** Stored items from a collection **
=-=-=
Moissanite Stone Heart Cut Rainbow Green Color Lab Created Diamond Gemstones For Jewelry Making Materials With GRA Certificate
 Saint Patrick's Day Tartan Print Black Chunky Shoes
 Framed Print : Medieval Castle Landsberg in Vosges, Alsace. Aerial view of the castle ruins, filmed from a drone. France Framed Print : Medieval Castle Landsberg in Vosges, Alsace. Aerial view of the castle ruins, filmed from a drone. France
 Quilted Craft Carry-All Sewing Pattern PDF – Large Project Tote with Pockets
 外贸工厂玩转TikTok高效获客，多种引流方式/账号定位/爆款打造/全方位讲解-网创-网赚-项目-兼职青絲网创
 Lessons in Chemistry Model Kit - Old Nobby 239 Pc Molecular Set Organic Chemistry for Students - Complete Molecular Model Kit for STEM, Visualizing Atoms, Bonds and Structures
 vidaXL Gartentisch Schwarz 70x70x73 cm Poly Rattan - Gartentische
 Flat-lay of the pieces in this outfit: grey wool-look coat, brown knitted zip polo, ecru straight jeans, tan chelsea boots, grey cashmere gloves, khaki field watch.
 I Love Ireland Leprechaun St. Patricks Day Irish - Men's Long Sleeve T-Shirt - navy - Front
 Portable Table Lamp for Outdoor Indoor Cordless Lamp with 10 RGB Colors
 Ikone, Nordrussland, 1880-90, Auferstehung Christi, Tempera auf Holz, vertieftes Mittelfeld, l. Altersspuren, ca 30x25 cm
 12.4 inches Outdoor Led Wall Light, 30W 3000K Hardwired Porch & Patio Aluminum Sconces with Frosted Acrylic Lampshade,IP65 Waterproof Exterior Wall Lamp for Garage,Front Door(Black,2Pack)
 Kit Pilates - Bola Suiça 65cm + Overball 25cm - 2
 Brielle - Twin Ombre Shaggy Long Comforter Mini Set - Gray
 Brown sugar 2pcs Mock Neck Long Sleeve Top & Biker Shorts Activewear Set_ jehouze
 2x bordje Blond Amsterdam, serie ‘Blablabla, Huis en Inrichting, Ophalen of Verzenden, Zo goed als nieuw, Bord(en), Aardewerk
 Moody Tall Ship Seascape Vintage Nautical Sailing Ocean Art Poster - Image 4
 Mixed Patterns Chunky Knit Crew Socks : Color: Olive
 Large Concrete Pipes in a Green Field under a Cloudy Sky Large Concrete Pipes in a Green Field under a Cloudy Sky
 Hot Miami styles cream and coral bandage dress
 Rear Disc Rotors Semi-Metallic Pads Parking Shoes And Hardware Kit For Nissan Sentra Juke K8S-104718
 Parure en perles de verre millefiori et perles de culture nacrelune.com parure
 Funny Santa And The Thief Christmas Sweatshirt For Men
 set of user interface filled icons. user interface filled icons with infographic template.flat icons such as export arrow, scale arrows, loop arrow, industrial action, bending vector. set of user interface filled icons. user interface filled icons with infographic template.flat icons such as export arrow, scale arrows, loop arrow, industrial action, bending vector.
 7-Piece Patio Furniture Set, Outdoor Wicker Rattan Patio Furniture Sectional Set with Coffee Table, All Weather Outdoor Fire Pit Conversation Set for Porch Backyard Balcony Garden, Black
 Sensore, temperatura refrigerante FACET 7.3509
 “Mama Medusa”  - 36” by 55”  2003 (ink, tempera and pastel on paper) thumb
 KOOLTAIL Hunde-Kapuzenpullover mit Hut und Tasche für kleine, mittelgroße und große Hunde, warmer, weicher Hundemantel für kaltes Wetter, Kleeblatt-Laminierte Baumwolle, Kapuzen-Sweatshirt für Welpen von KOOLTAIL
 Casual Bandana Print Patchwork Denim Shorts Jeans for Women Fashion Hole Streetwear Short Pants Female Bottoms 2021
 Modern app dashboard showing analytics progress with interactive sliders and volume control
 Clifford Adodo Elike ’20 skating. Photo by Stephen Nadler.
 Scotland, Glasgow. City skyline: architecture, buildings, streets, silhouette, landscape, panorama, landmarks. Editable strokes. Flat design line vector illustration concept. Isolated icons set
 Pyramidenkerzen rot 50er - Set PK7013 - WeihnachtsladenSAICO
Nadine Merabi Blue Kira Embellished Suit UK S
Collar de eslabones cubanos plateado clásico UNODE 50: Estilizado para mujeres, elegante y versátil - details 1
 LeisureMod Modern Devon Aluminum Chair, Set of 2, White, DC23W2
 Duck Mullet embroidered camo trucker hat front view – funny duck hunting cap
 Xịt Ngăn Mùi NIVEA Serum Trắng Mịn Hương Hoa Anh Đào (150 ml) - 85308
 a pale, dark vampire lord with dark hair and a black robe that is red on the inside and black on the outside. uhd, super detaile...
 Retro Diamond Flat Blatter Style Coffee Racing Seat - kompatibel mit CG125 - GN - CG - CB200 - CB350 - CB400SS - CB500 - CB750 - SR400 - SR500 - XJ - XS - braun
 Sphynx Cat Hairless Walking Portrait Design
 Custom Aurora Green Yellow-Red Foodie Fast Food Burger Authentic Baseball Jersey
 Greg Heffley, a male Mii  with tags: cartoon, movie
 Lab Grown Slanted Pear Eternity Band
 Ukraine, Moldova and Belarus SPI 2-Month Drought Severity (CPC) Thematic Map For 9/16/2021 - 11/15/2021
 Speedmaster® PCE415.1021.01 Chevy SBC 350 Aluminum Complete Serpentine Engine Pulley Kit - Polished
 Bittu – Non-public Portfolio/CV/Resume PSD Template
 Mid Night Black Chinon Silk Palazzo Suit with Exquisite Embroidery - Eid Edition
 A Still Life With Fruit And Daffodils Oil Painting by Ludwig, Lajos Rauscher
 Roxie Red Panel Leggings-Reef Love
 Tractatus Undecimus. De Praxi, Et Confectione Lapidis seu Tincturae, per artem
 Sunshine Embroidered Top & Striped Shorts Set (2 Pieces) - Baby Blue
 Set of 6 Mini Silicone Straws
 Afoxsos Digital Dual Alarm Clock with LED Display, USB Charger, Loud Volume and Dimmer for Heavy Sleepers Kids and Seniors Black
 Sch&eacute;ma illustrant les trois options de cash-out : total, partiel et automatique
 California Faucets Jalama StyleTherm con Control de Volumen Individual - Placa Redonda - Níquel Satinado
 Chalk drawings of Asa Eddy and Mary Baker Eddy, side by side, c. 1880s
=-=-=
** Exercise **
If a line falls between the first line of the records and the line containing "Brielle - Twin", inclusive, repeat it exactly; leave out all others.

** Output for this exercise **
Moissanite Stone Heart Cut Rainbow Green Color Lab Created Diamond Gemstones For Jewelry Making Materials With GRA Certificate
 Saint Patrick's Day Tartan Print Black Chunky Shoes
 Framed Print : Medieval Castle Landsberg in Vosges, Alsace. Aerial view of the castle ruins, filmed from a drone. France Framed Print : Medieval Castle Landsberg in Vosges, Alsace. Aerial view of the castle ruins, filmed from a drone. France
 Quilted Craft Carry-All Sewing Pattern PDF – Large Project Tote with Pockets
 外贸工厂玩转TikTok高效获客，多种引流方式/账号定位/爆款打造/全方位讲解-网创-网赚-项目-兼职青絲网创
 Lessons in Chemistry Model Kit - Old Nobby 239 Pc Molecular Set Organic Chemistry for Students - Complete Molecular Model Kit for STEM, Visualizing Atoms, Bonds and Structures
 vidaXL Gartentisch Schwarz 70x70x73 cm Poly Rattan - Gartentische
 Flat-lay of the pieces in this outfit: grey wool-look coat, brown knitted zip polo, ecru straight jeans, tan chelsea boots, grey cashmere gloves, khaki field watch.
 I Love Ireland Leprechaun St. Patricks Day Irish - Men's Long Sleeve T-Shirt - navy - Front
 Portable Table Lamp for Outdoor Indoor Cordless Lamp with 10 RGB Colors
 Ikone, Nordrussland, 1880-90, Auferstehung Christi, Tempera auf Holz, vertieftes Mittelfeld, l. Altersspuren, ca 30x25 cm
 12.4 inches Outdoor Led Wall Light, 30W 3000K Hardwired Porch & Patio Aluminum Sconces with Frosted Acrylic Lampshade,IP65 Waterproof Exterior Wall Lamp for Garage,Front Door(Black,2Pack)
 Kit Pilates - Bola Suiça 65cm + Overball 25cm - 2
 Brielle - Twin Ombre Shaggy Long Comforter Mini Set - Gray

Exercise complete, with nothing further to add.